British showjumpers on course for Rio at Aachen

By Charles Taylor on |


Penelope Leprevost leads at Aachen

Great Britain’s showjumpers dug deep in Aachen to deliver a character-filled display as they stayed on course for an FEI European Championships medal and an all-important place at next year’s Rio Olympics.

It proved to be an incident-packed penultimate day of team competition action, but Britain ended it in fourth place behind France — led by Penelope Leprevost (pictured above) — in first place, Holland in second and Germany in third.

Going into Friday’s final team-jumping round, five of the surviving 10 nations — Britain, Switzerland, Spain, Denmark and Ireland — will be chasing three Rio places available for countries that have not yet qualified.
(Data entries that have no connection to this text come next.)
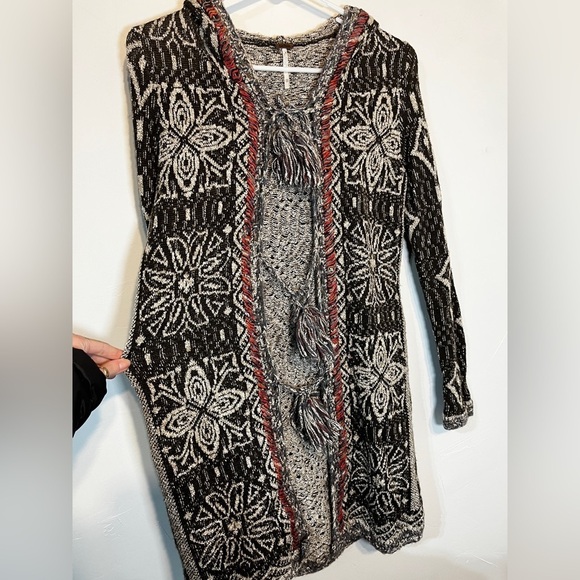 Free People Kai Open Front Tie Tassel Pom Boho Hooded Long Cardigan XS - Picture 4 of 5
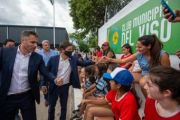 Kicillof y Achával inauguraron un nuevo polideportivo municipal en Del Viso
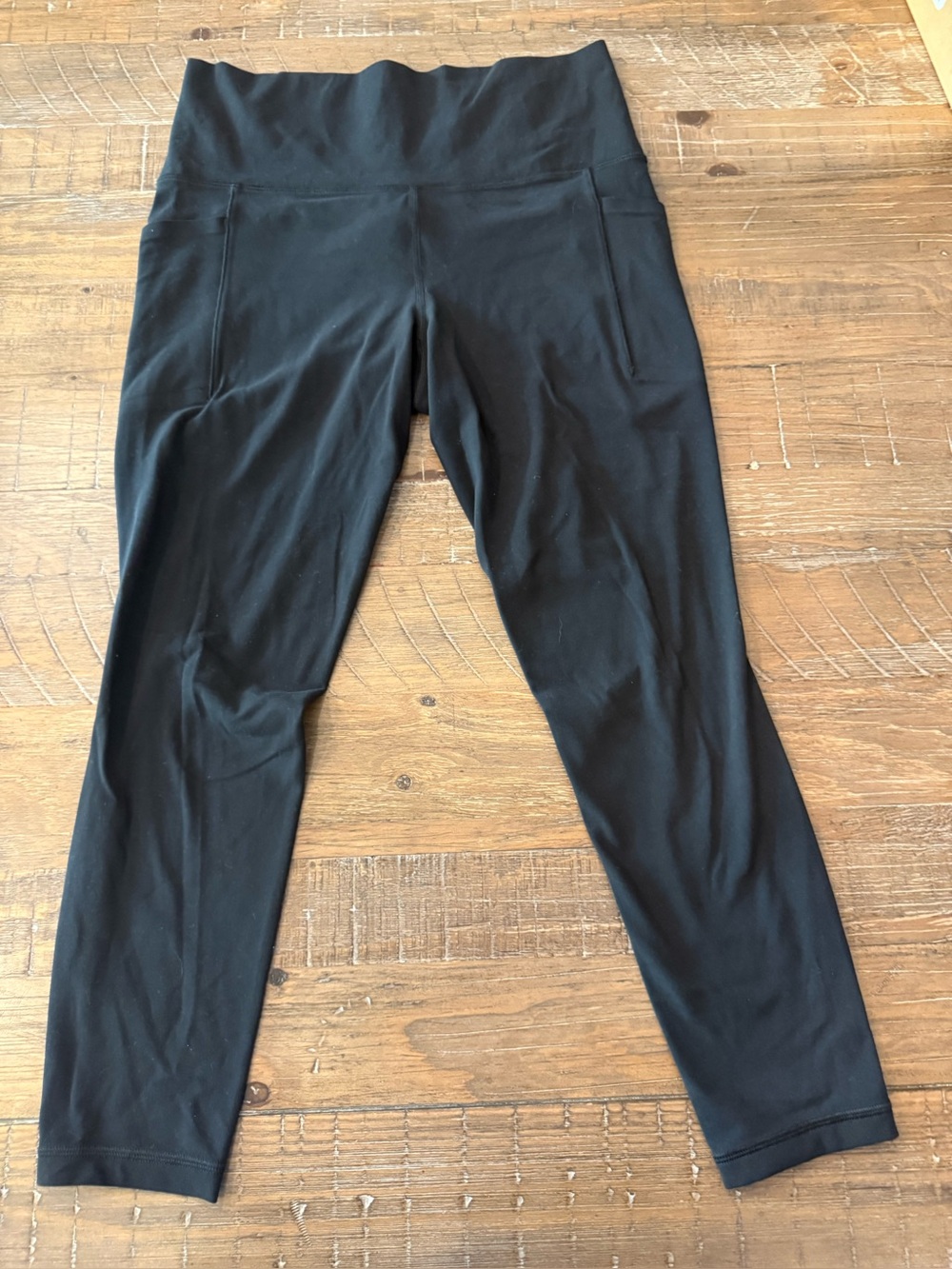 Athleta Women’s Salutation Stash Pocket II 7/8 legging in Black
Britain were indebted to clear rounds from Joe Clee and Utamaro d’Ecaussines (pictured below) — their second in successive days — and Michael Whitaker with Cassionato, after former world number one Ben Maher had four faults on Diva II and 19-year-old Jessica Mendoza saw three fences go down aboard Spirit T.

Mendoza’s tally proved to be the discarded score, while Clee is currenty third in the individual competition that concludes on Sunday. France’s Leprevost leads, just ahead of German star Ludger Beerbaum.

“My horse has been jumping great – even a bit too good,” Clee said. “He settled down after about fence four.

“It is a case of each day as it comes. With success here comes the Olympic qualification, so just one job at a time. I will start to enjoy it after Sunday has been and gone.”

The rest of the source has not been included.